_Records shown_
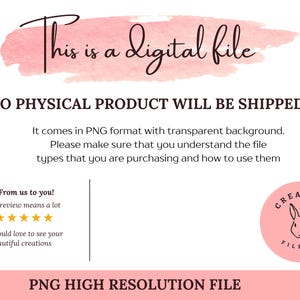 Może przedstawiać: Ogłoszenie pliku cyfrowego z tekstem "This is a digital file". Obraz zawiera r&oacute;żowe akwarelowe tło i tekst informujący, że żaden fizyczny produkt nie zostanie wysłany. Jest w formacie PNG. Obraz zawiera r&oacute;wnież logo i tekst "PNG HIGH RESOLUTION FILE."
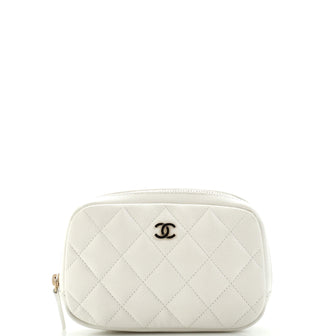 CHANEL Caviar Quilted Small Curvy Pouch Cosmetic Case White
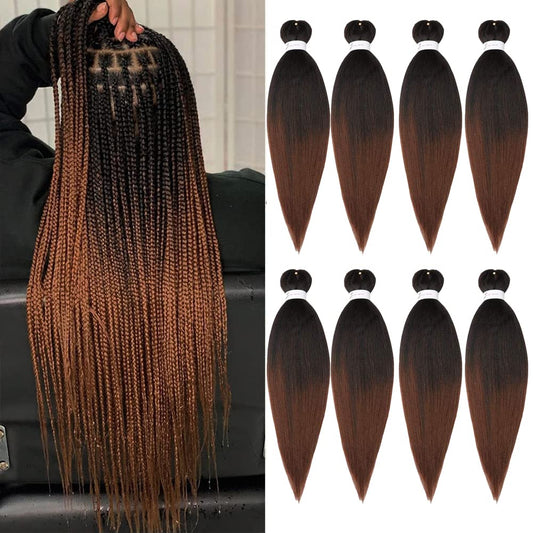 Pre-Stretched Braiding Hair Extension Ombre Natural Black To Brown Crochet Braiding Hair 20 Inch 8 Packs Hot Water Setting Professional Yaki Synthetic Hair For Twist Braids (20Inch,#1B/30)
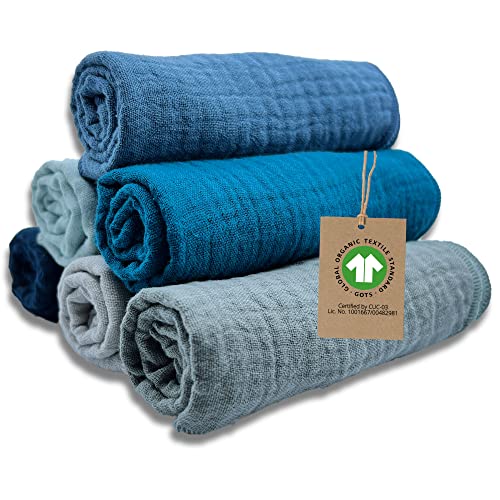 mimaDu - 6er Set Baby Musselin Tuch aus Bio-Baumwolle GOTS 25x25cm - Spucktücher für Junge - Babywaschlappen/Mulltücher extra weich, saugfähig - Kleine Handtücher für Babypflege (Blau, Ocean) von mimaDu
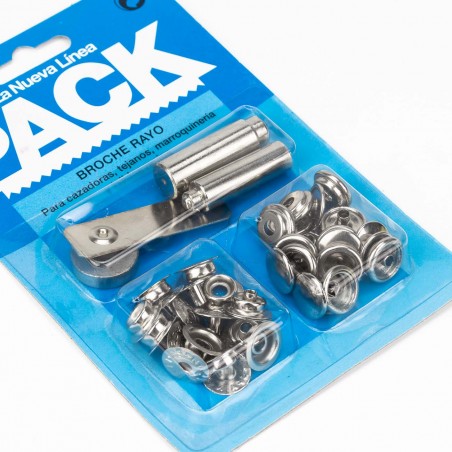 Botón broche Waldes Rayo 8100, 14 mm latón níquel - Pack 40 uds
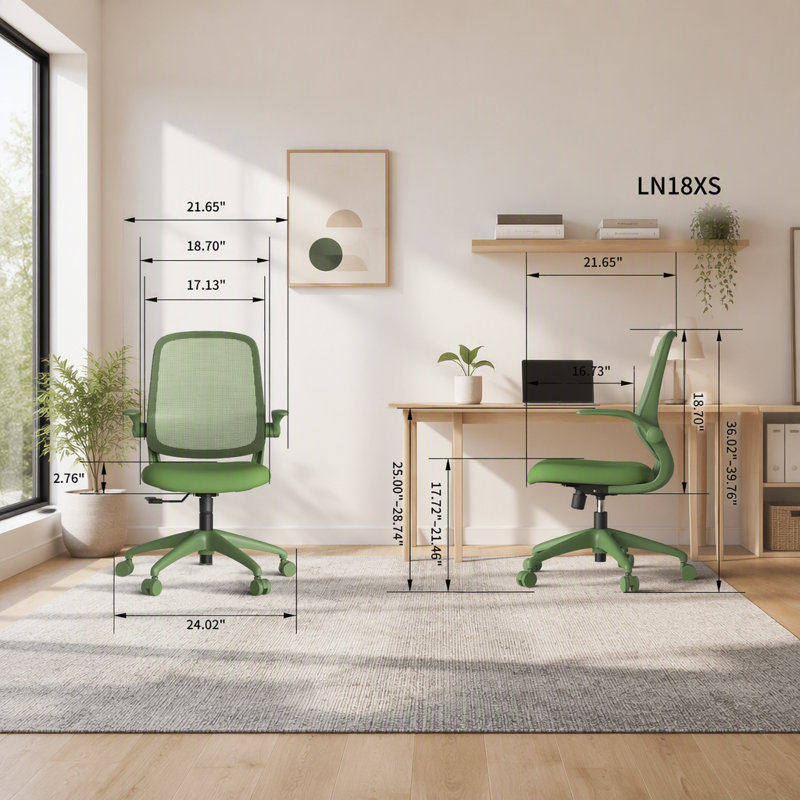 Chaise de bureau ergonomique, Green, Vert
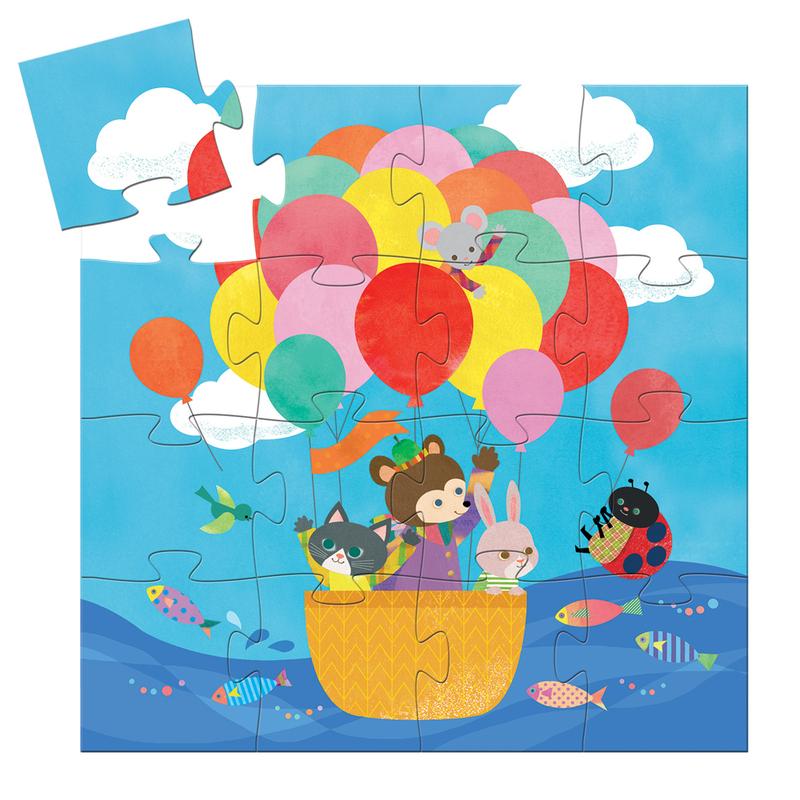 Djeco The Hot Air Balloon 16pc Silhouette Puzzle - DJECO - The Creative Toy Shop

==

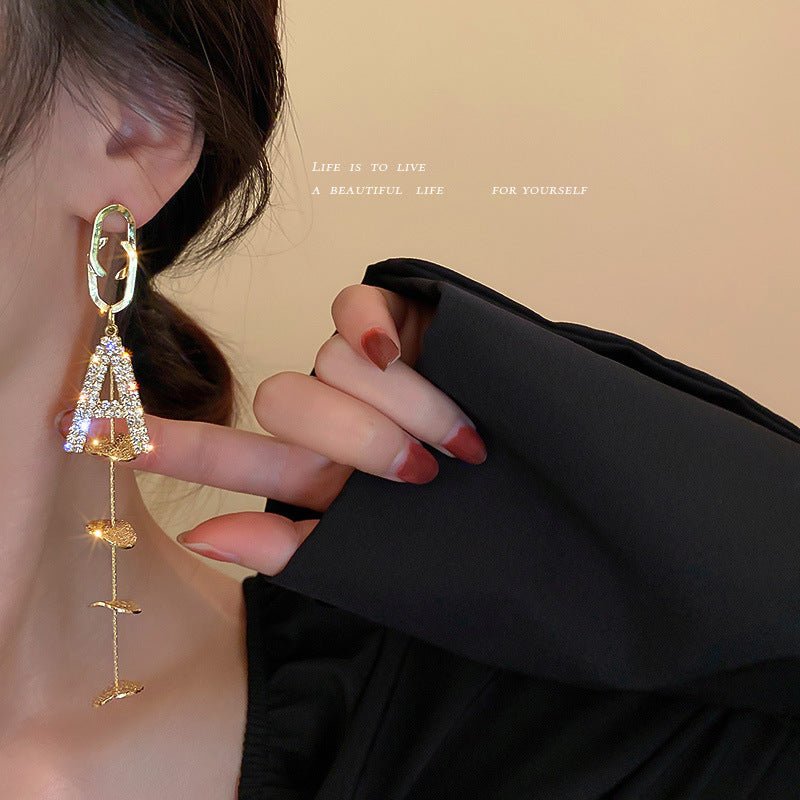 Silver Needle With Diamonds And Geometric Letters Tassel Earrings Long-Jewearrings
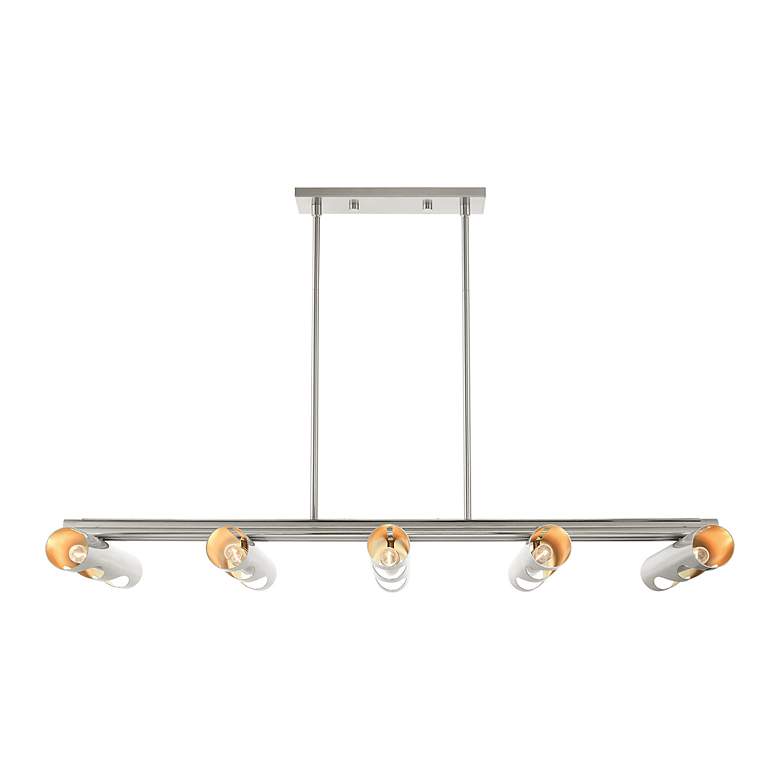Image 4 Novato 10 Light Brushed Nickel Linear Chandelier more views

_Work order_
Out of the records above, please copy exactly the lines from the line with "Może przedstawiać: Ogłoszenie" up to and including the line with "CHANEL Caviar Quilted", minus the pictures.

_Exercise response_
 Może przedstawiać: Ogłoszenie pliku cyfrowego z tekstem "This is a digital file". Obraz zawiera r&oacute;żowe akwarelowe tło i tekst informujący, że żaden fizyczny produkt nie zostanie wysłany. Jest w formacie PNG. Obraz zawiera r&oacute;wnież logo i tekst "PNG HIGH RESOLUTION FILE."
 CHANEL Caviar Quilted Small Curvy Pouch Cosmetic Case White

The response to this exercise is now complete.